## Records for this task
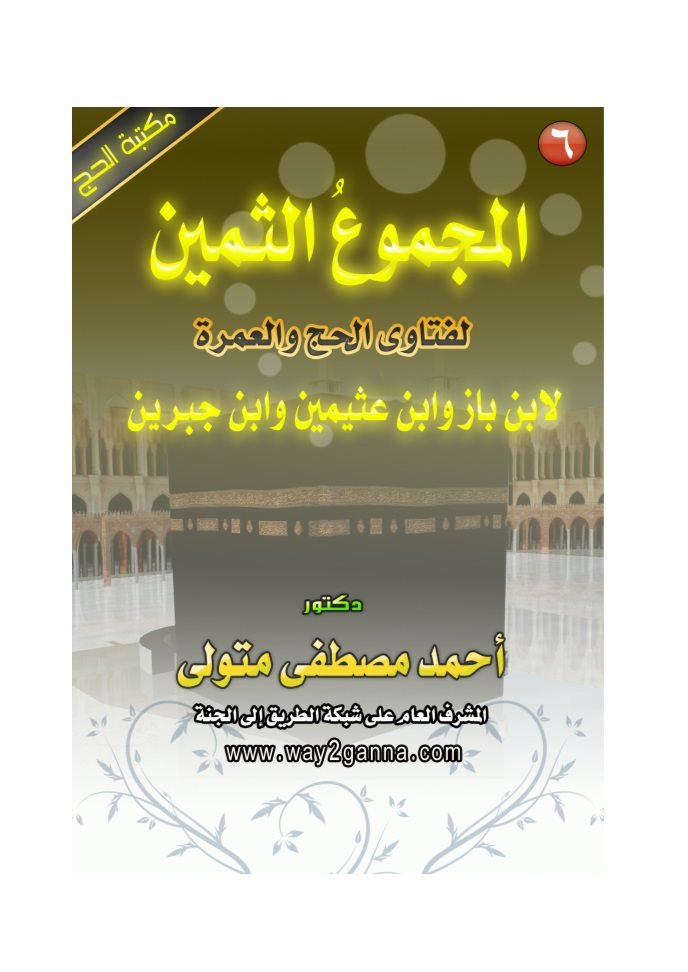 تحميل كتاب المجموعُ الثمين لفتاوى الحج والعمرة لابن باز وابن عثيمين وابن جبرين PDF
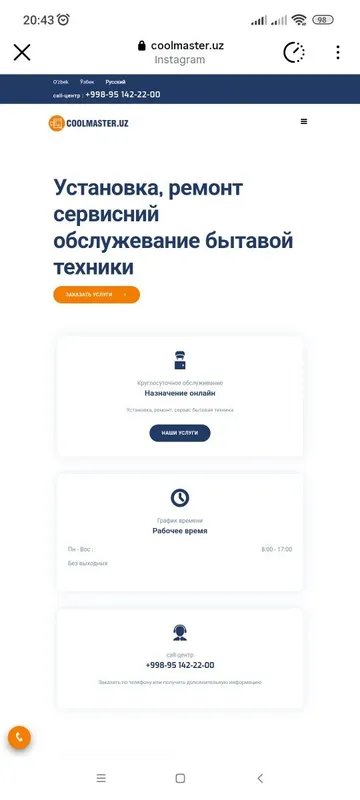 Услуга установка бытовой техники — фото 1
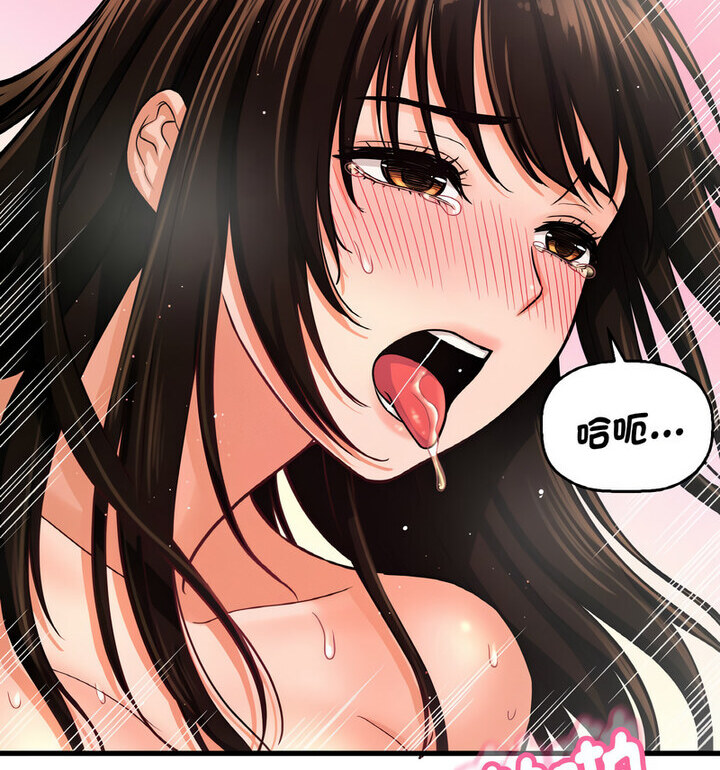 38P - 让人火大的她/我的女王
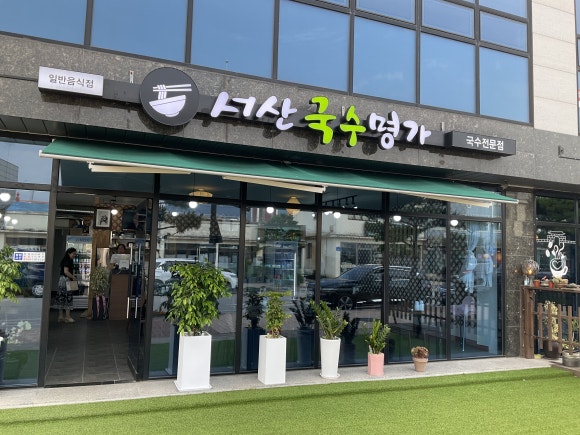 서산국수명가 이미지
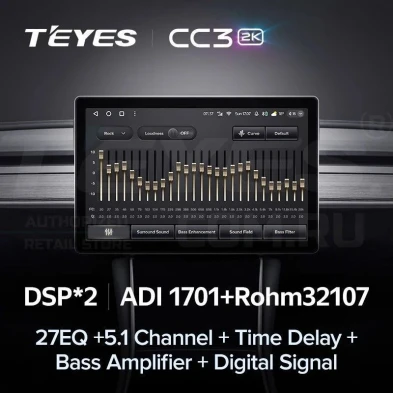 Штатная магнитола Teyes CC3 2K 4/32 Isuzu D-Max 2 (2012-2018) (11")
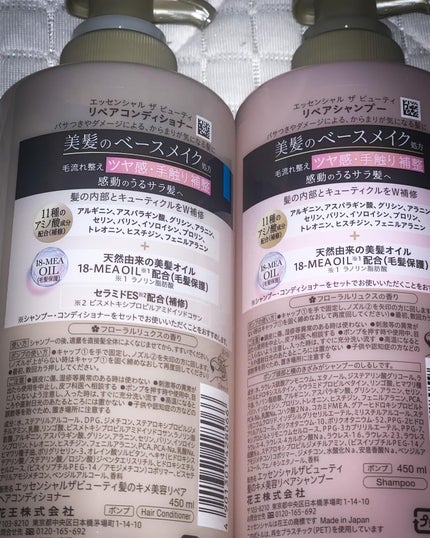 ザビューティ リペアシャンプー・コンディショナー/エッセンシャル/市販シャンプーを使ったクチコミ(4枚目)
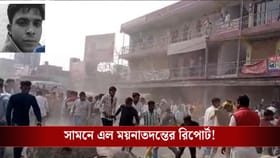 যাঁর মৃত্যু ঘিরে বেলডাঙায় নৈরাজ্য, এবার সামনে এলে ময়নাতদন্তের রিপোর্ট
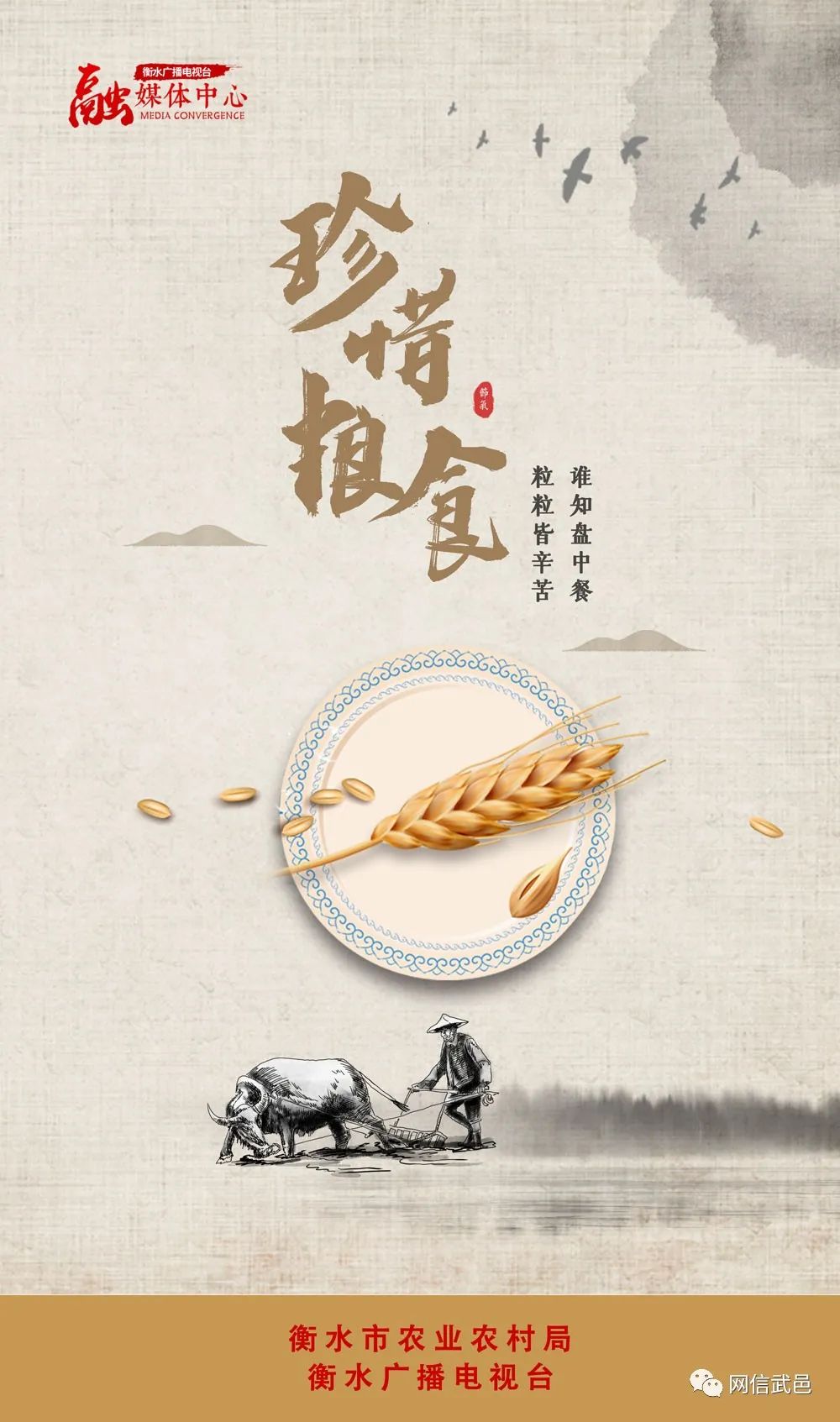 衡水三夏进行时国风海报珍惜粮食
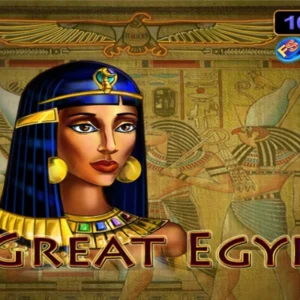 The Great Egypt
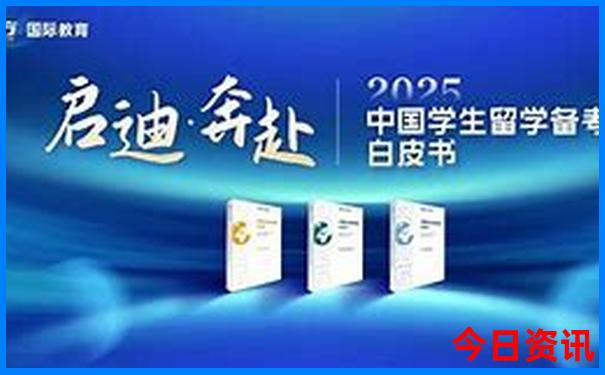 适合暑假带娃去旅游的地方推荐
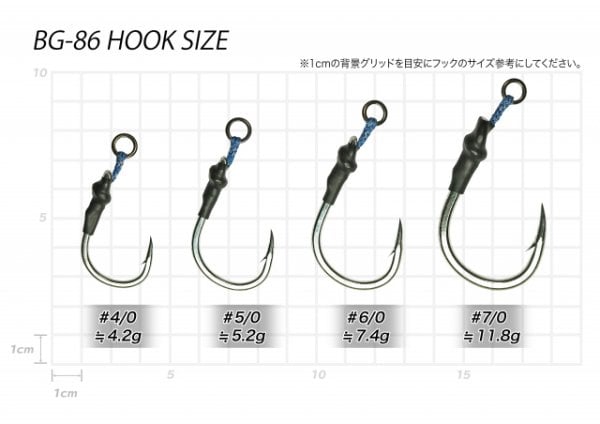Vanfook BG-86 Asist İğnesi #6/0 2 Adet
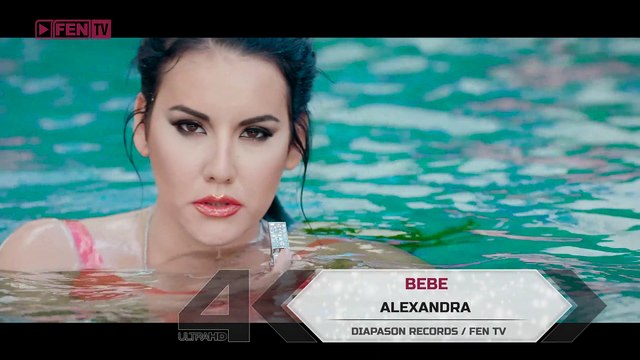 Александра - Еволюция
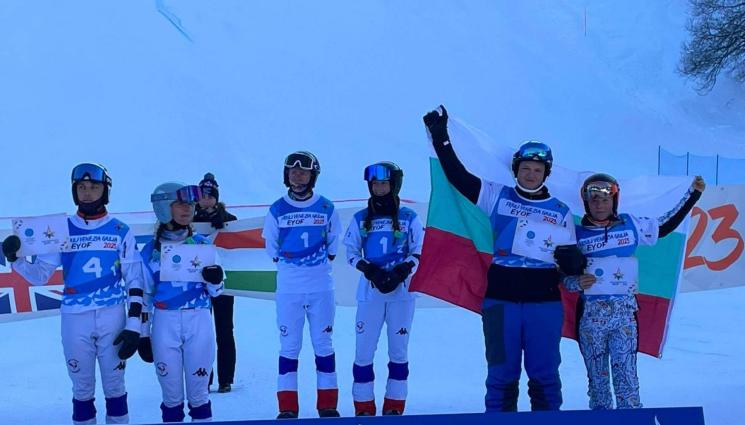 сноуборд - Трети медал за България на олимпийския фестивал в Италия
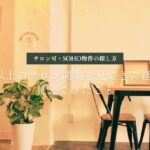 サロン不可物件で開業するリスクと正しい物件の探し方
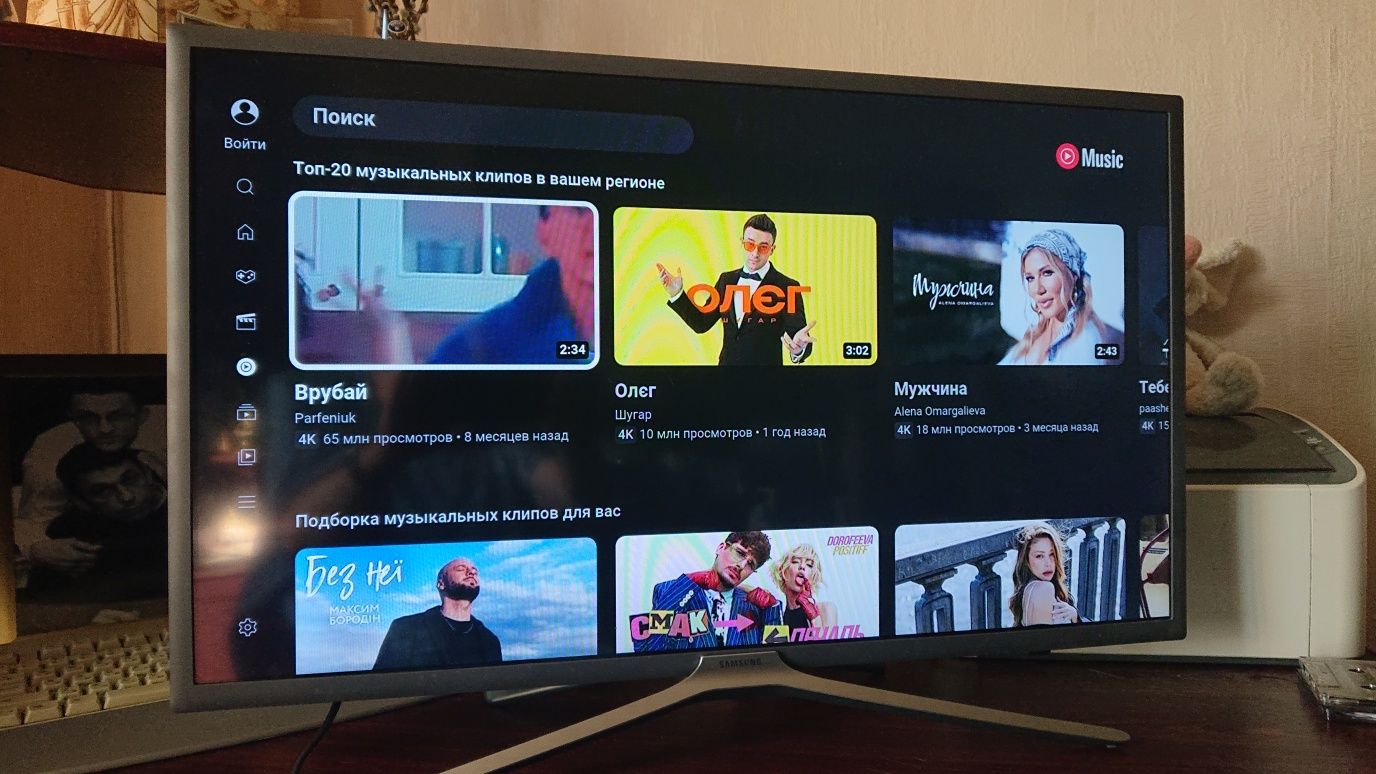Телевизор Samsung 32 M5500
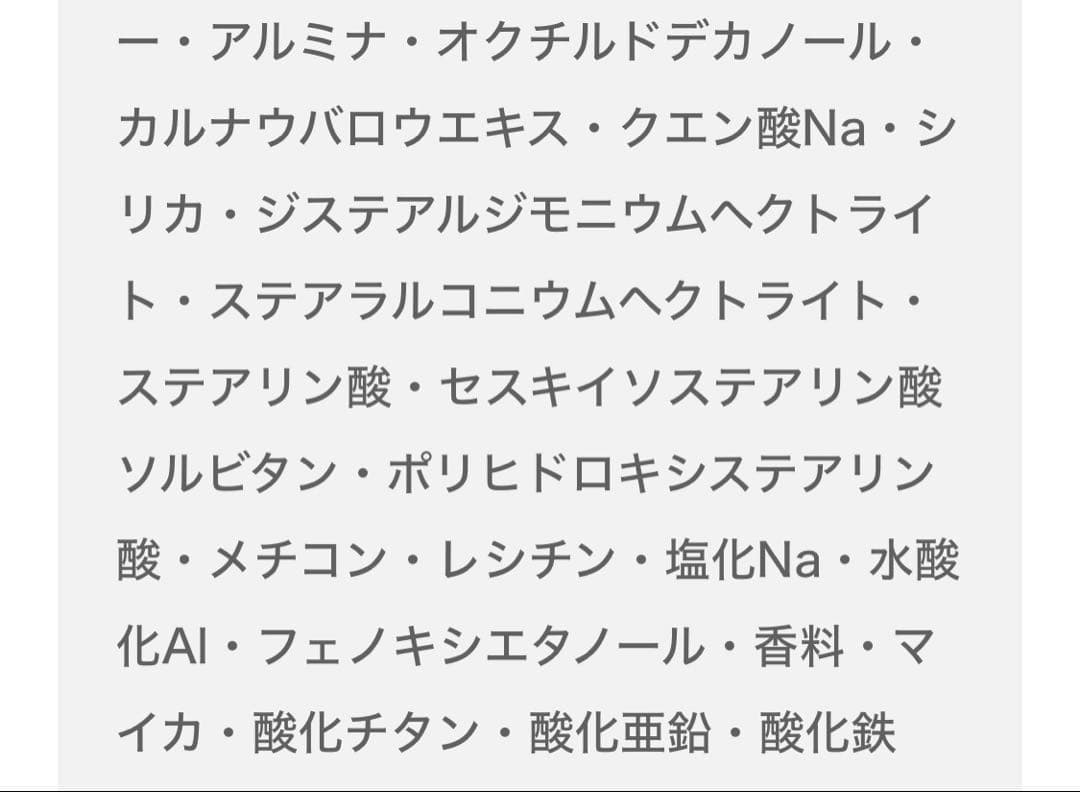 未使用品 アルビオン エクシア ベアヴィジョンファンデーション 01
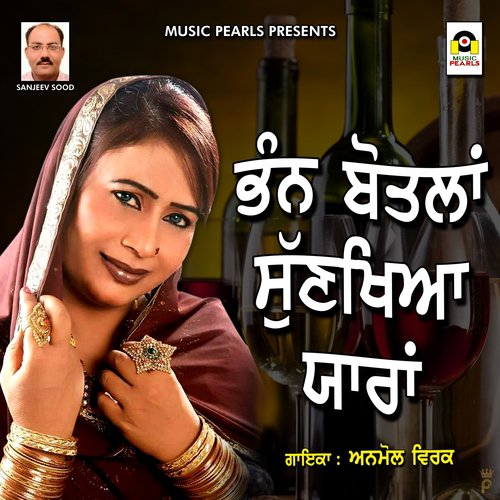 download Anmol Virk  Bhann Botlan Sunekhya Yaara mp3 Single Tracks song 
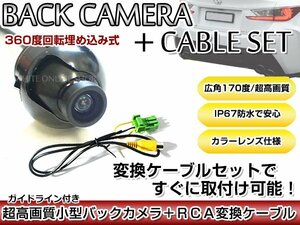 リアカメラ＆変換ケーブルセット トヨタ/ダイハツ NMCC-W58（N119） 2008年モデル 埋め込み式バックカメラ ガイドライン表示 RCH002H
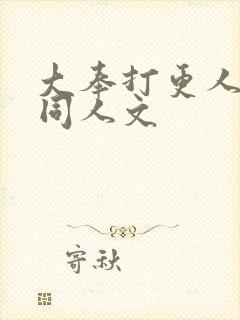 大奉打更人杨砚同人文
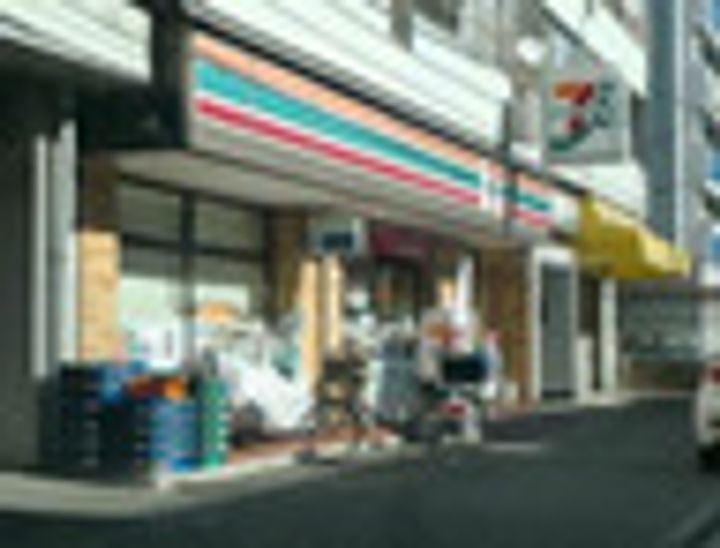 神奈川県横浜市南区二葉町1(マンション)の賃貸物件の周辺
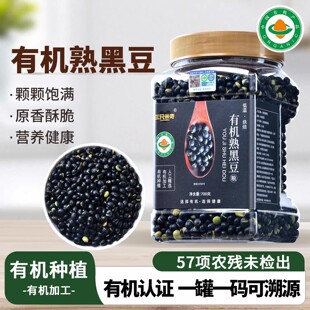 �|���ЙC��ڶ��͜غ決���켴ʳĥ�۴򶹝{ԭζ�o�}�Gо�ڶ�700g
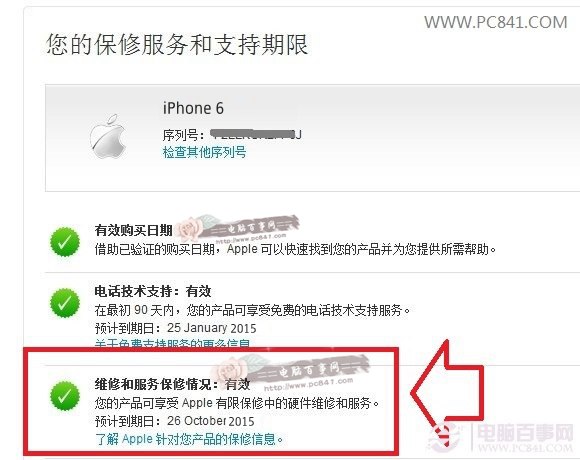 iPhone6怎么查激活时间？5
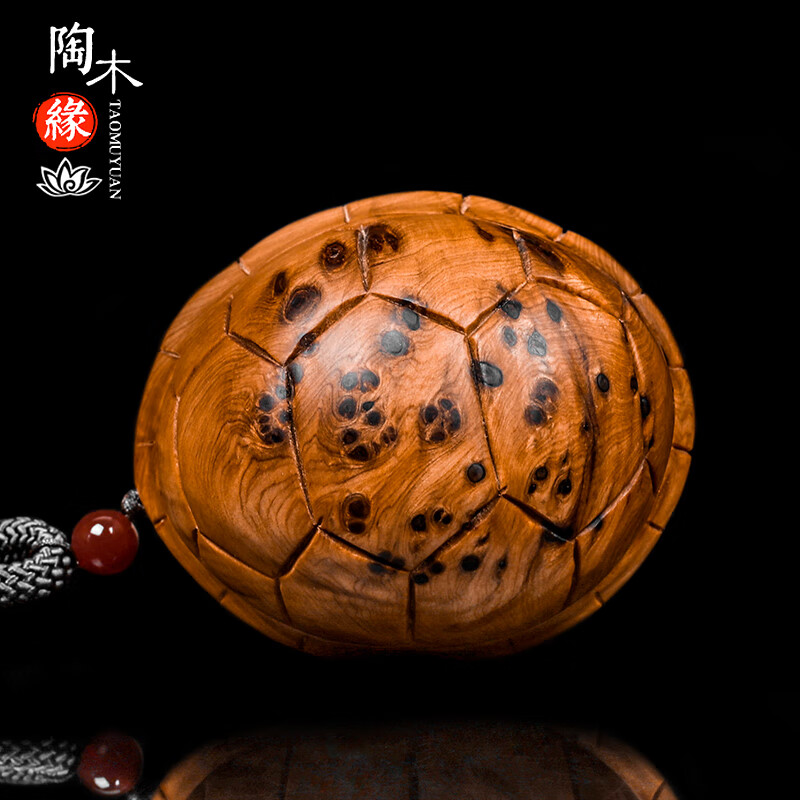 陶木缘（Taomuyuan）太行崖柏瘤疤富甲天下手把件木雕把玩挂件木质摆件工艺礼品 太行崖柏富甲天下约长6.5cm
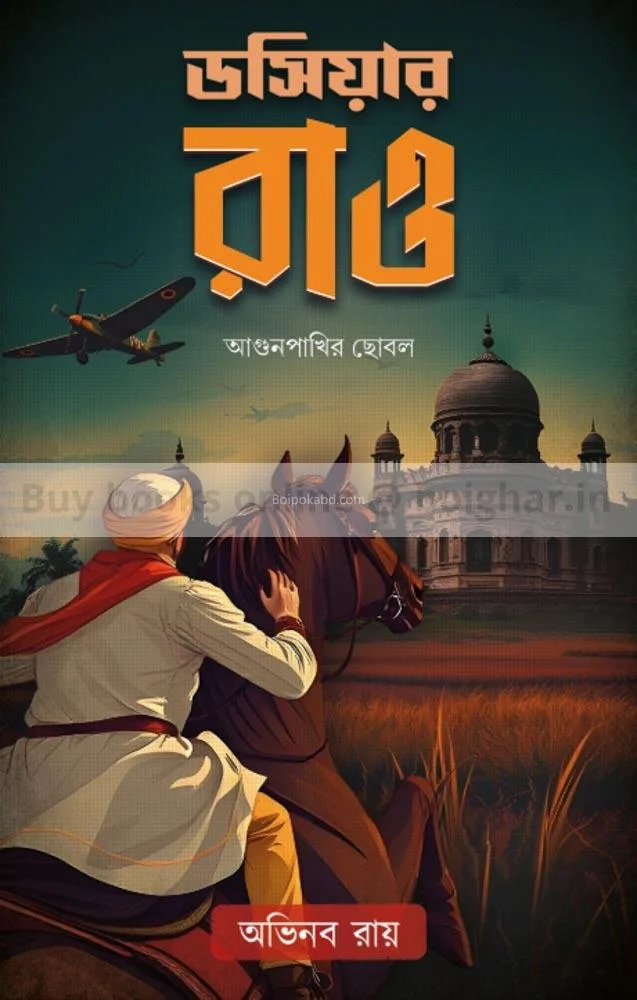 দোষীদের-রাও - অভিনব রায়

## Work required
Please write out the material from the line containing "38P - 让人火大的她/我的女王" to its final line, both inclusive, exactly as it appears; pictures are not part of the copy.

## Completed exercise
 38P - 让人火大的她/我的女王
 서산국수명가 이미지
 Штатная магнитола Teyes CC3 2K 4/32 Isuzu D-Max 2 (2012-2018) (11")
 ザビューティ リペアシャンプー・コンディショナー/エッセンシャル/市販シャンプーを使ったクチコミ(4枚目)
 যাঁর মৃত্যু ঘিরে বেলডাঙায় নৈরাজ্য, এবার সামনে এলে ময়নাতদন্তের রিপোর্ট
 衡水三夏进行时国风海报珍惜粮食
 The Great Egypt
 适合暑假带娃去旅游的地方推荐
Vanfook BG-86 Asist İğnesi #6/0 2 Adet
 Александра - Еволюция
 сноуборд - Трети медал за България на олимпийския фестивал в Италия
 サロン不可物件で開業するリスクと正しい物件の探し方
Телевизор Samsung 32 M5500
 未使用品 アルビオン エクシア ベアヴィジョンファンデーション 01
 download Anmol Virk  Bhann Botlan Sunekhya Yaara mp3 Single Tracks song 
 リアカメラ＆変換ケーブルセット トヨタ/ダイハツ NMCC-W58（N119） 2008年モデル 埋め込み式バックカメラ ガイドライン表示 RCH002H
 大奉打更人杨砚同人文
 神奈川県横浜市南区二葉町1(マンション)の賃貸物件の周辺
 �|���ЙC��ڶ��͜غ決���켴ʳĥ�۴򶹝{ԭζ�o�}�Gо�ڶ�700g
 iPhone6怎么查激活时间？5
 陶木缘（Taomuyuan）太行崖柏瘤疤富甲天下手把件木雕把玩挂件木质摆件工艺礼品 太行崖柏富甲天下约长6.5cm
 দোষীদের-রাও - অভিনব রায়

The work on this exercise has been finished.